Main idea is simple.
If a transfer event points to a TRB between dequeue and enqueue we give
back all queued TDs passed up to this TRB.
And if the event points to a valid TD then handle that. (normal case)

Code is much simpler, we get rid of skip flag, and could probably merge
error_mid_td and urb_length_set flags into one flag.

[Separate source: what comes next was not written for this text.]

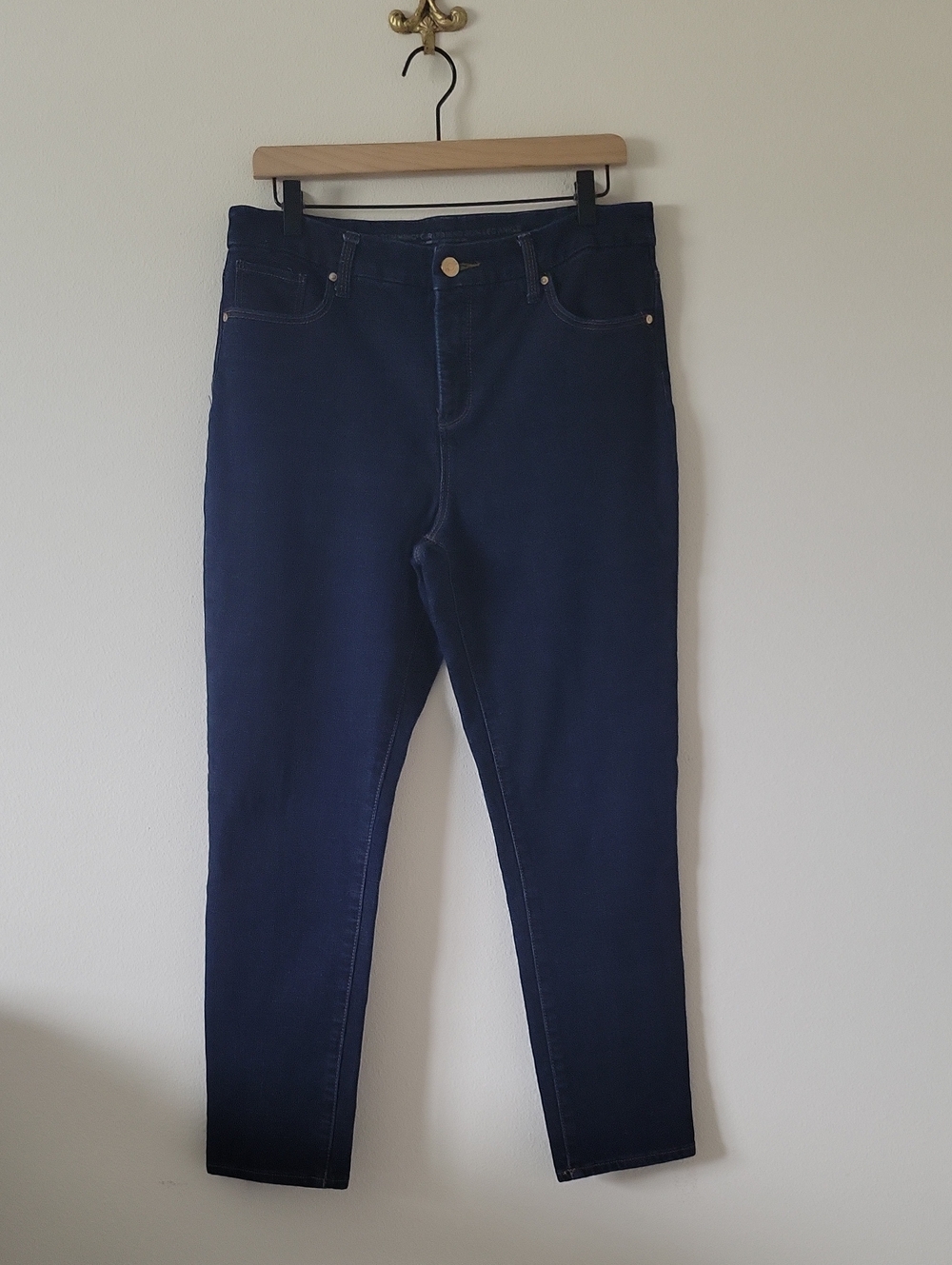 Chico's Dark Wash So Slimming Girlfriend Slim Leg Ankle Jeans Size 1.5R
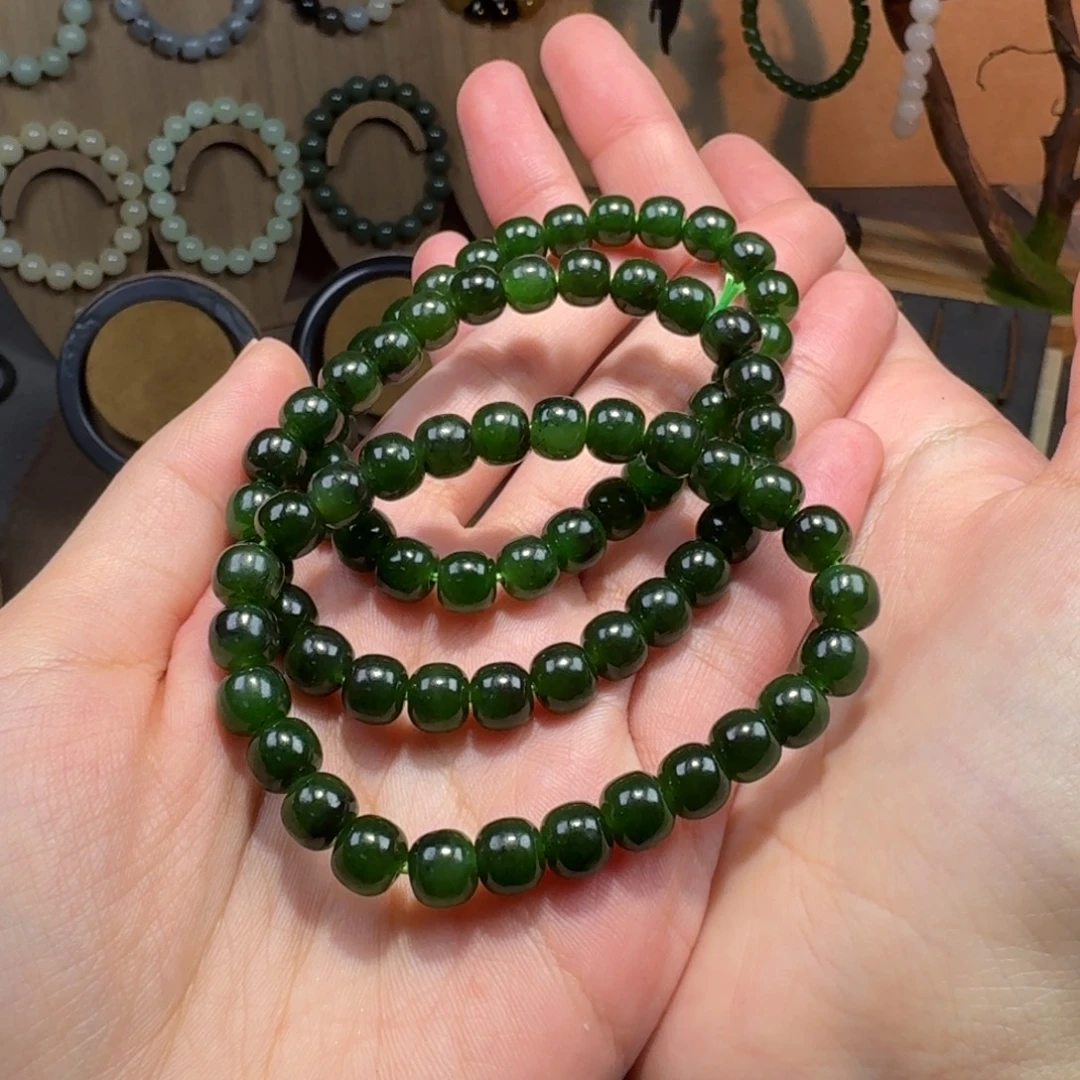 和田玉未镶嵌颈饰卡8俄7菠菜绿拍一发一多样性发货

The code isn't complete or tested yet. It doesn't handle under/overruns,
but that could probably be fixed by just turning "return 0" for those
cases into "break"

Code on top of 6.11-rc4 can be found in my feature_transfer_event_rework branch:

git://git.kernel.org/pub/scm/linux/kernel/git/mnyman/xhci.git feature_transfer_event_rework
https://git.kernel.org/pub/scm/linux/kernel/git/mnyman/xhci.git/log/?h=feature_transfer_event_rework

Thanks
Mathias
Michał Pecio Aug. 28, 2024, 1:24 p.m. UTC | #3
> Are you sure these are against 6.11-rc5? Or did I screw up on my side?
Absolutely for 6.11-rc5 (but -rc4 works too and -rc6 likely will).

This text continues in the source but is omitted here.